What needs to be done :: Set the pictures aside and write down, exactly as they appear, the lines from the one containing "Secondary consequences of" through the end of the material.

Given material ::
======

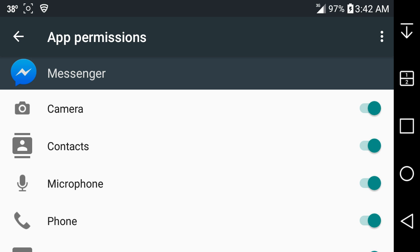Have you guys used this app permission thing? Have you guys denied any permissions yet on Android 6.0 for any app? If you guys have, let me know what permissions you've denied and what apps you've denied permissions to.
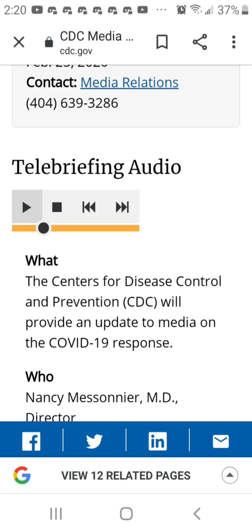Secondary consequences of some of these measures might include missed work and loss of income. I understand this whole situation may seem overwhelming and that disruption to everyday life may be severe, but these are things that people need to start thinking about now.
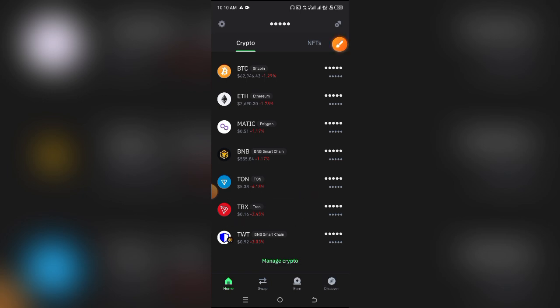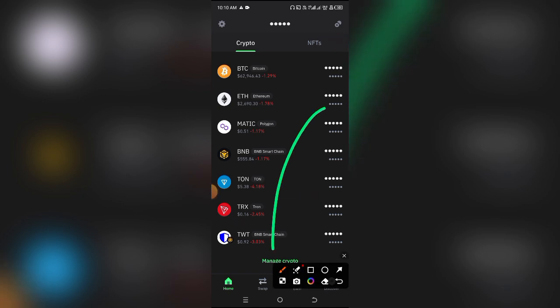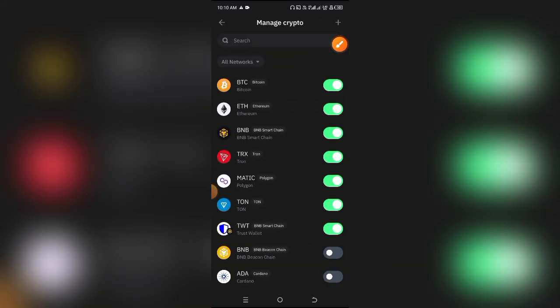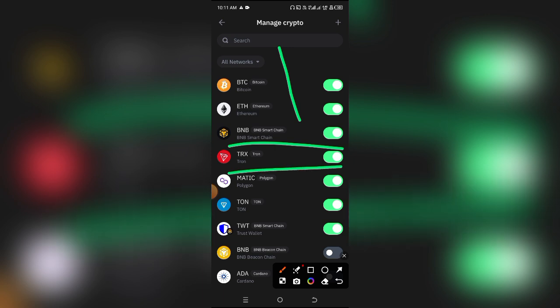Simply scroll down and click on Manage Crypto. When you click on Manage Crypto, just search for TRX or simply scroll through until you see it. You want to make sure that the Tron network is activated on your Trust Wallet.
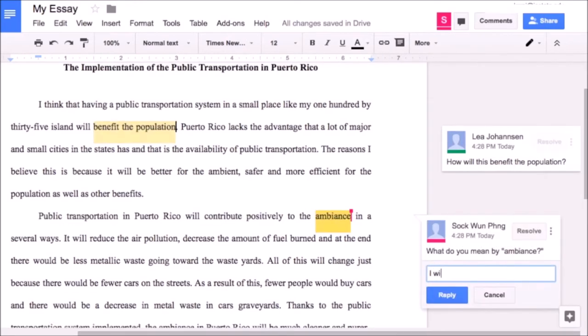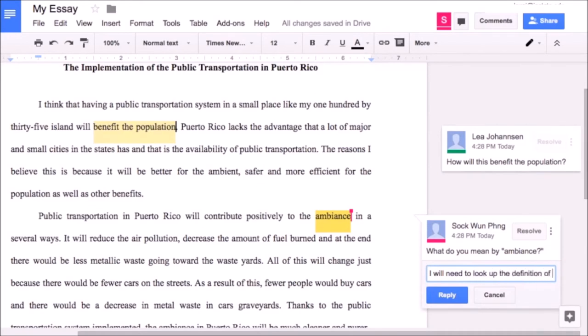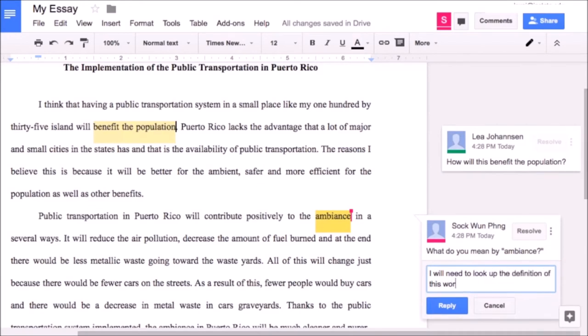They can type what they want and use it like Microsoft Word. They can also add comments to one another's answers.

======

Response ::
Secondary consequences of some of these measures might include missed work and loss of income. I understand this whole situation may seem overwhelming and that disruption to everyday life may be severe, but these are things that people need to start thinking about now.
Simply scroll down and click on Manage Crypto. When you click on Manage Crypto, just search for TRX or simply scroll through until you see it. You want to make sure that the Tron network is activated on your Trust Wallet.
They can type what they want and use it like Microsoft Word. They can also add comments to one another's answers.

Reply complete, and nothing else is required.